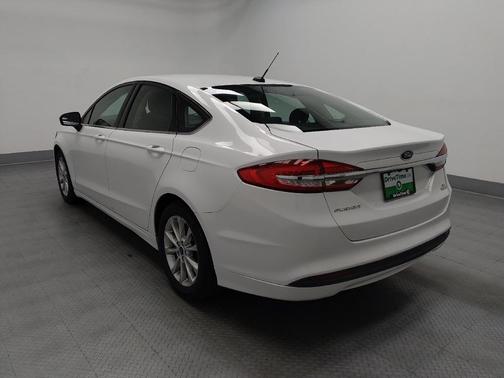 White 2017 Ford Fusion SE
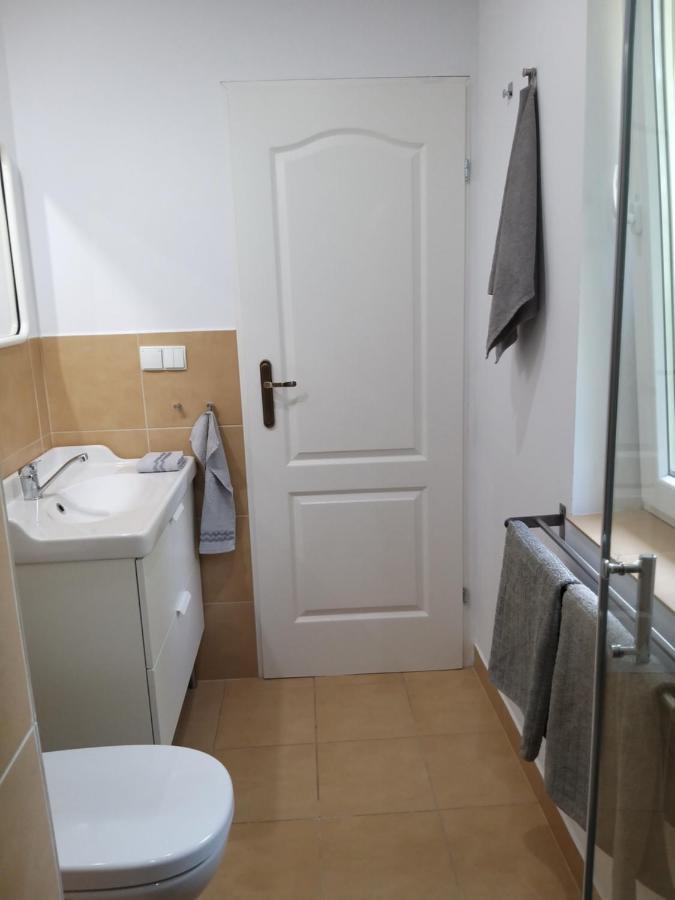 Dom Nad Jeziorem Suszewskim, Swietne. Holiday home *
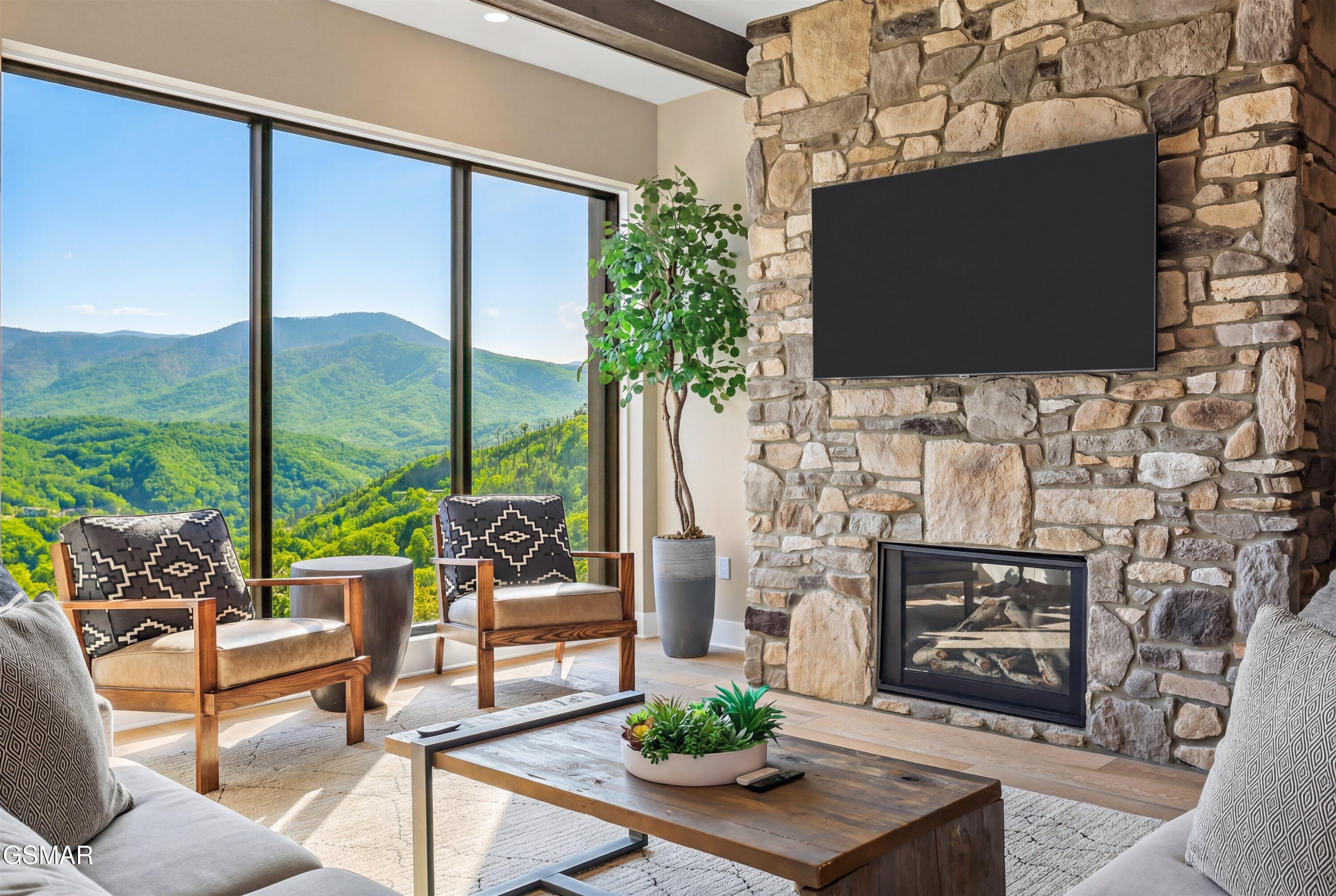 855 Campbell Lead Road Gatlinburg TN 37738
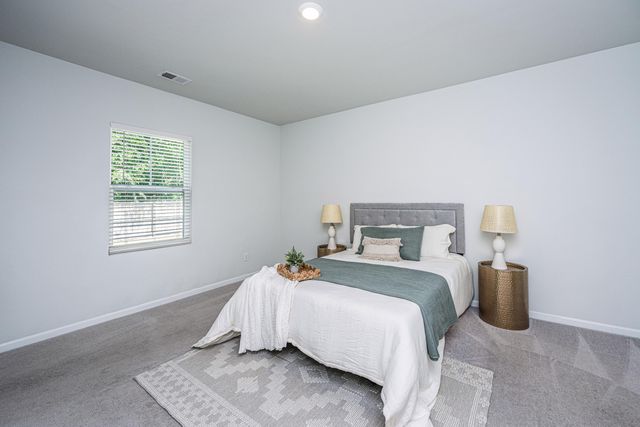 496 Minim Street, Charleston, SC 29414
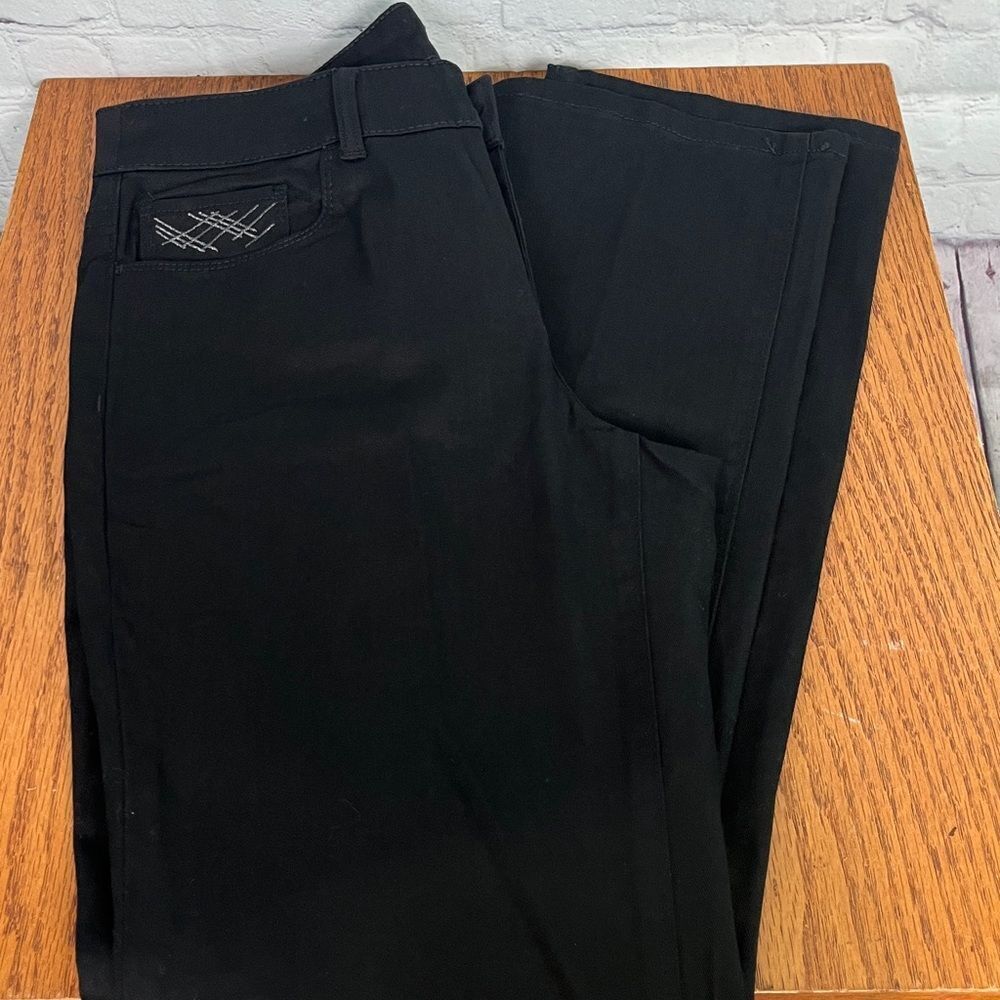 Christopher & Banks Modern Fit barely boot Slimming Pants 8 Average Black NWT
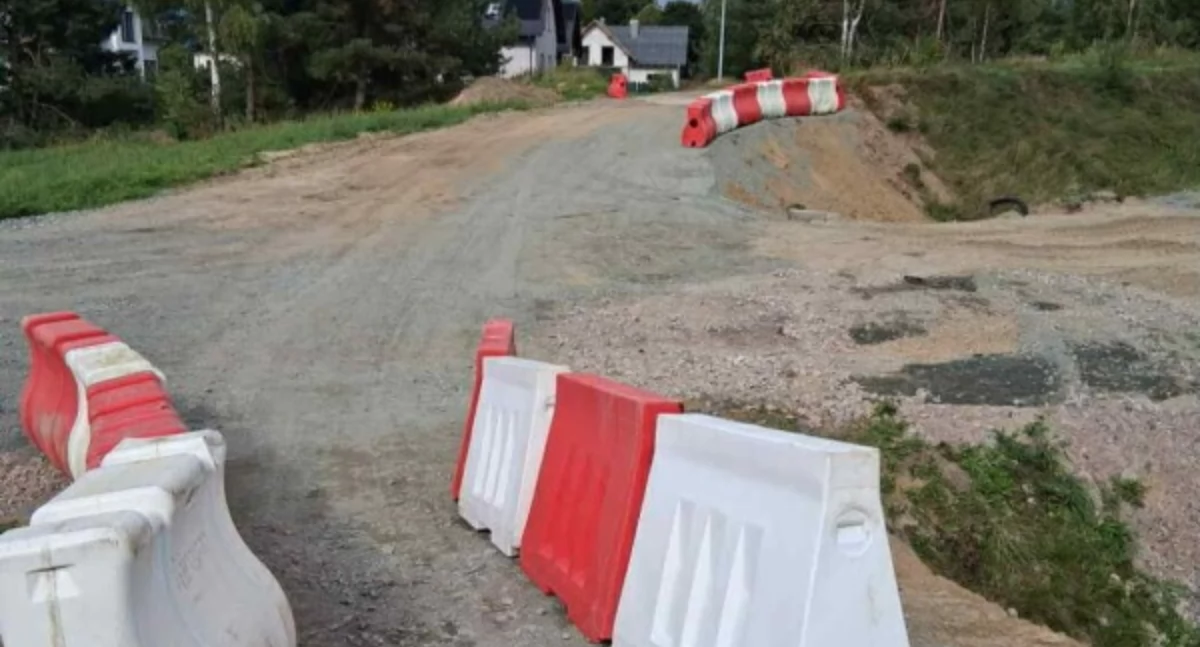 Modernizacja linii kolejowej nr 201. Udostępniono przejście piesze w Rębiechowie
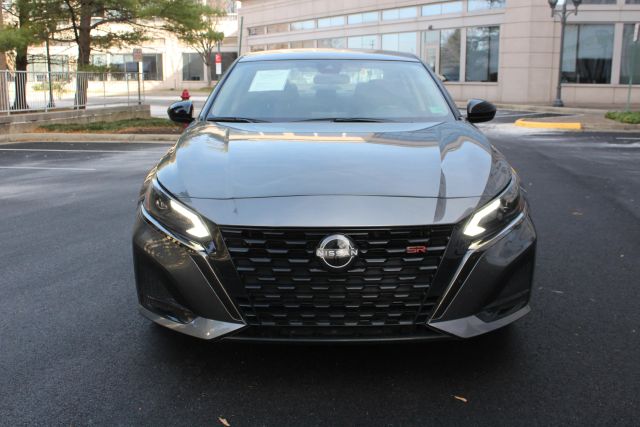 2023 Nissan Altima 2.5 SR Image 2 of 35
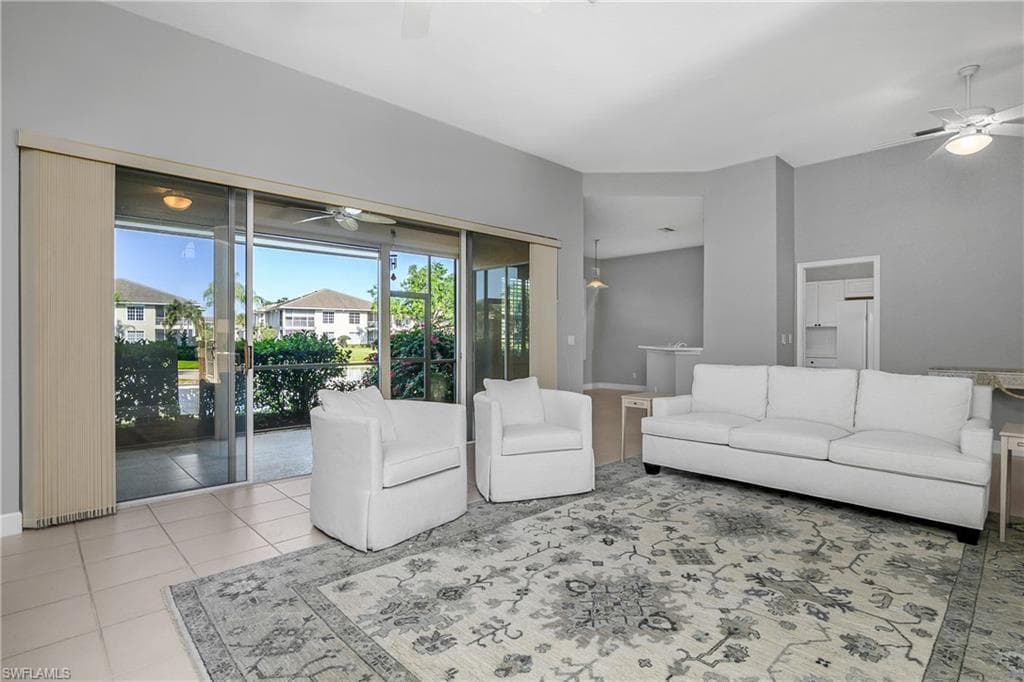 2272 Island Cove Cir, Naples, FL 34109-11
^^^^^^^^
Work request ::
Return, exactly as they appear, the lines from the line containing "855 Campbell Lead Road Gatlinburg TN 37738" through the end of the records above, both ends included, without pictures.

Answer section ::
 855 Campbell Lead Road Gatlinburg TN 37738
 496 Minim Street, Charleston, SC 29414
 Christopher & Banks Modern Fit barely boot Slimming Pants 8 Average Black NWT
 Modernizacja linii kolejowej nr 201. Udostępniono przejście piesze w Rębiechowie
 2023 Nissan Altima 2.5 SR Image 2 of 35
 2272 Island Cove Cir, Naples, FL 34109-11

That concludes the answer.